Speaker
Description
Accelerator mass spectrometry (AMS) is the most sensitive analytical method to measure long-lived radionuclides. Several AMS system has been recently established in Europe, however, most of them exclusively detecting carbon-14. At Dresden a 6 MV tandem accelerator is used for AMS since 2011: The DREAMS (DREsden AMS) facility [1-3] is part of the Ion Beam Center, a large-scale user facility, where users apply for measurements via a proposal system.
Radionuclides, which are routinely measured at DREAMS, are 10Be, 26Al, 36Cl, 41Ca, and 129I. We recently also focussed on nuclides with shorter half-lives such as 7Be or 44Ti. The detection limits are generally several orders of magnitude better than any other mass spectrometry or decay counting method. AMS needs smaller sample sizes and measurements are finished within a few minutes to hours; though after performing chemical separation of the radionuclide from the sample matrix (ice, snow, rain, ground water, marine sediments, soil, meteorites, deep-sea nodules, lava, rocks).
DREAMS users apply AMS to most diverse interdisciplinary projects.
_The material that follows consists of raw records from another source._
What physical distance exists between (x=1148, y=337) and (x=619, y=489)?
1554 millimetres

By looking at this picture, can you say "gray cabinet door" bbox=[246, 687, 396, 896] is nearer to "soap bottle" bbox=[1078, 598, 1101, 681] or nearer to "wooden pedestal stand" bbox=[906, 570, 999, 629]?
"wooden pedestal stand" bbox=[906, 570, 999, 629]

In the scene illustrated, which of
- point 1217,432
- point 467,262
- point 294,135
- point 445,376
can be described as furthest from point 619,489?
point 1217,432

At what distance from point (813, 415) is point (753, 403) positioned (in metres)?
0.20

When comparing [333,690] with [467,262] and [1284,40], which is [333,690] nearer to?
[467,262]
Prominent examples are the proof and dating of multiple supernovae during the last 10 Ma [4] and dating of a boulder from a rock fall triggered by a medieval Earthquake in the Nepal Himalaya [5].
Ref.: [1] Akhmadaliev et al., NIMB 294 (2013) 5. [2] Rugel et al., NIMB 370 (2016) 94. [3] www.dresden-ams.de. [4] Wallner et al., Nature 532 (2016) 69. [5] Schwanghart et al., Science 351 (2016) 147.